[This story previously appeared in Securities Regulation Daily.]
By Rodney F. Tonkovic, J.D.
The SEC has charged eight corporate insiders for failing to update Schedule 13D disclosures to reflect material changes, including going private transactions. The Commission found that the respondents had each taken significant steps to effect going private transactions that resulted in material changes from the disclosures previously made in their Schedule 13D filings. Each of the respondents settled the proceedings against them by paying civil penalties, without admitting or denying the Commission's allegations.
Andrew J. Ceresney, Director of the SEC’s Division of Enforcement, said that investors are entitled to current and accurate information.

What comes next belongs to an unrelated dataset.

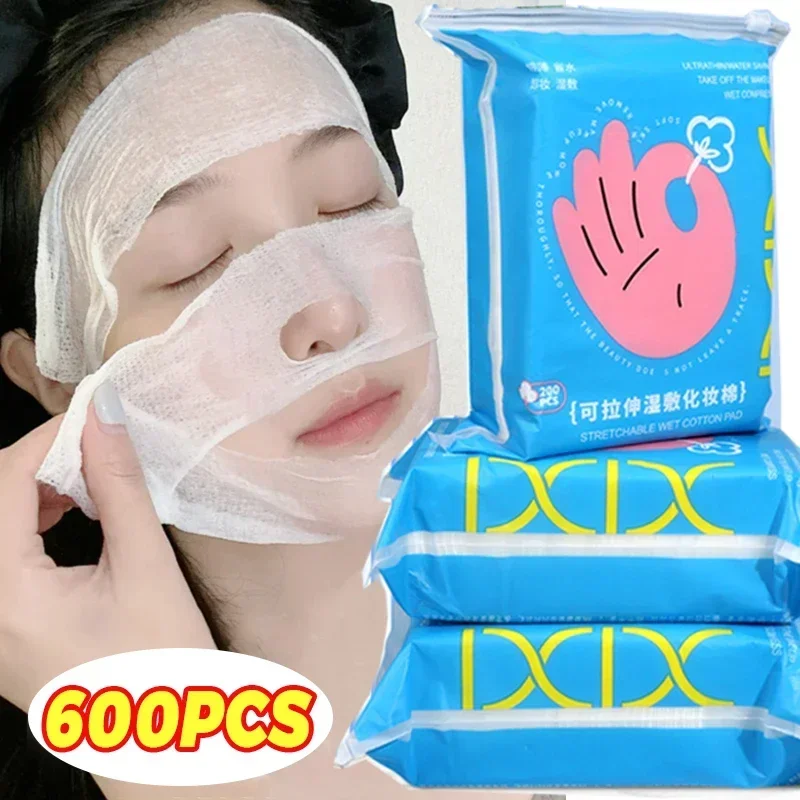 

600Pc Gauze Face Makeup Cotton Pads Stretchable Elasticity Disposable Cosmetic Cotton Mask Soft Wet Compress Wipe Cleaning Paper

He added: “Stale, generic disclosures that simply reserve the right to engage in certain corporate transactions do not suffice when there are material changes to those plans, including actions to take a company private.”
First Physicians Capital Group transactions. Six of the orders relate to steps taken by the respondents in 2014 to take First Physicians Capital Group, Inc. (FPCG) private. The Ciabattoni Living Trust and Anthony and Jane Ciabattoni failed to amend their respective disclosures until June 20, 2014. The Trust and the Ciabattonis also engaged in 12 transactions acquiring or disposing of their beneficial ownership of FPCG securities between 2010 and 2014, but did not report any of these transactions until June 20, 2014. The Trust and the Ciabattonis were jointly and severally ordered to pay a civil money penalty in the amount of $75,000.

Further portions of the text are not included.